Thursday, November 28, 2024

BATMAN: THE AUDIO ADVENTURES (Review)

HBO Max, a streaming service, has released the first 20 half-hour episodes of Batman: The Audio Adventures, which borrows the flavor and format of the great Batman: The Animated Adventures and converts these adventures into the format of an old-time radio program. (Since radio drama is not technically a thing these days, the studio aptly described this as “The Audio Adventures.”)

After years of crime fighting, the long-rumored Batman (a masked vigilante) has been verified as existent and prepares to become an official member of the Gotham City Police Department. But while the caped crusader is combating crime and facing off against Two Face, The Joker, The Riddler, and others, a rift deepens between himself and Catwoman, who has been using Gotham criminals for financial gain.

 

Like any audio adventure, the magic is not letting the audience peak behind the curtain. Actress Melissa Villasenor voices Robin and you would not know if you were not told who voiced the boy wonder. Jeffrey Wright, who I loved in the HBO series Westworld, voices Bruce Wayne/Batman and his voice fits perfectly for the character.

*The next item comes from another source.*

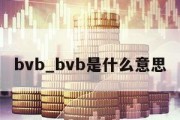 bvb_bvb是什么意思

Seth Myers, John Leguizamo, Rosario Dawson, Brent Spiner Jason Sudeikis, Bradley Whitford and Brooke Shields play recurring roles on this series, adding to the long list of talent.

 

The character of Two Face more of the contemporary version: the idea that the two sides of his face are arguing with each other. In the comic books, this is not how Two-Face behaves. Among the earliest rendition of this interpretation was in Batman Forever when Tommy Lee Jones played the role. In the comic books, Two-Face was obsessed with the dual nature of certain things but in this rendition he is schizophrenic.

 

The interconnecting plotlines features all the classic criminals, with tongue-in-cheek humor, witty one-liners, easter eggs for those who know their Batman lore, and enough fun to warrant listening to these while driving to see family this holiday season. 




 

Thursday, November 21, 2024

Tom Dougall’s RINGSIDE (1938)

From March of 1935 to March of 1938, Tom Dougall wrote all the radio scripts for the soap opera, Ann Worth, Housewife, for radio station WXYZ in Detroit. While playing supporting roles on radio programs such as The Green Hornet and The Lone Ranger, Dougall devoted time creating a number of new radio properties, hoping Trendle would sell one to a sponsor. By the end of the year, and inspired by the Northwoods stories of Jack London, Dougall would create Challenge of the Yukon, a Canadian Mountie adventure series later re-titled Sergeant Preston of the Yukon. Between Ann Worth and Challenge, however, Dougall wrote a number of radio scripts for a proposed daily serial known as Ringside.

 

As the title suggests, this series was inspired by the newspaper strip, Joe Palooka, a fictional heavyweight boxing champion created by cartoonist Ham Fisher. Like the newspaper strip, the radio proposal centered on the adventures of Jimmy Ross who, guided by his manager, attempted to win the championship. Along the way, Jimmy made enemies with crooks and fell in love with the beautiful Ann Mason. (Joe Palooka’s fiancé was named Ann Howe.)

 

Written from June through August of 1938, Dougall’s proposal exists today through three radio scripts, episodes #one, three and five, with announcer summaries for episodes two and four. The first script was dated July 2, the second dated August 16, and the third dated August 22. 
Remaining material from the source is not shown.